Camp Day 10 - Sunday

- It is funny to me how fascinated the kids all are by my Bible. In the morning the staff has quiet time and prayer together. I always bring my Bible. And everyday, I have had kids want to look at it and ask me questions about it. There are two main questions; Can I/Do I read my Bible and is my Bible the same as the Russian or Ukrainian Bibles? If I do nothing else, I think my presence here helps the kids to see that God is bigger than what they see and what they know. The God who loves them in Ukraine is the same as the God who loves people in America. And the truth of His word is the same for all people.

- The phrase I will always remember in Russian “it’s not fair”. I can’t tell you how many times I have heard that and every time I am reminded that kids are kids!

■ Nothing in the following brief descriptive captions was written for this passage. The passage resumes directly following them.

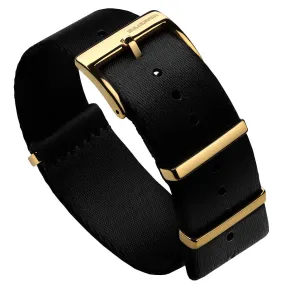 1973 British Military Watch Strap: ARMOURED RECON - Military Black, Gold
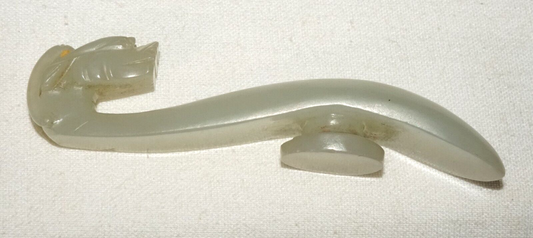 Antique Chinese Grey Green Nephrite Jade Dragon Belt Hook (UVi)#19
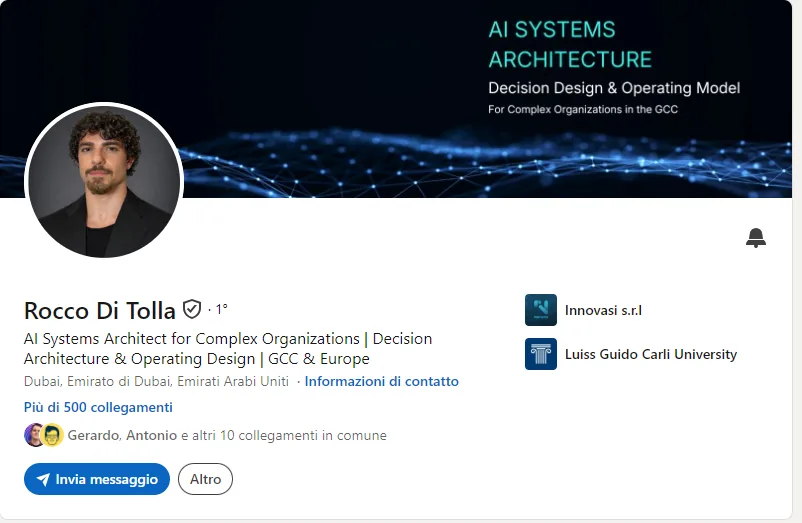 Profilo LinkedIn di Rocco Di Tolla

- Language. The adults have been trying to curb the use of some not so nice slang. There are a couple of words that are not really “bad” words, but they aren’t really nice either – kind of the equivalent of “shoot” and “darn” in English. When adults hear children say these words, they subtract behavior points. I never subtract points, I just act shocked and surprised and the child apologizes and then I make them promise not to say it anymore. Now, I do not say these words in Russian, but the words themselves make me want to laugh because of the translations. One “bad” word is “pancake” and one of the phrases is “Christmas tree sticks”.

- Today is the last day of camp. It is funny to me. I was talking to Luda, who wanted to go home earlier in the week, and she told me she doesn’t want to go home tomorrow and that she is going to cry if we make her. Praise the Lord for working in her heart and helping her to love camp. Luda is one of the campers who made a first time commitment to Jesus during camp. I am praying God will continue to work in her life and she will grow to know him better and trust him more.

- Tonight I had my first foray into public speaking. In front of everyone, with a microphone, speaking in Russian. To be honest, I felt remarkably uncomfortable, but praise the Lord I was able to do it. And I know that even though I could hear the grammatical errors, everyone understood me and they loved me anyway.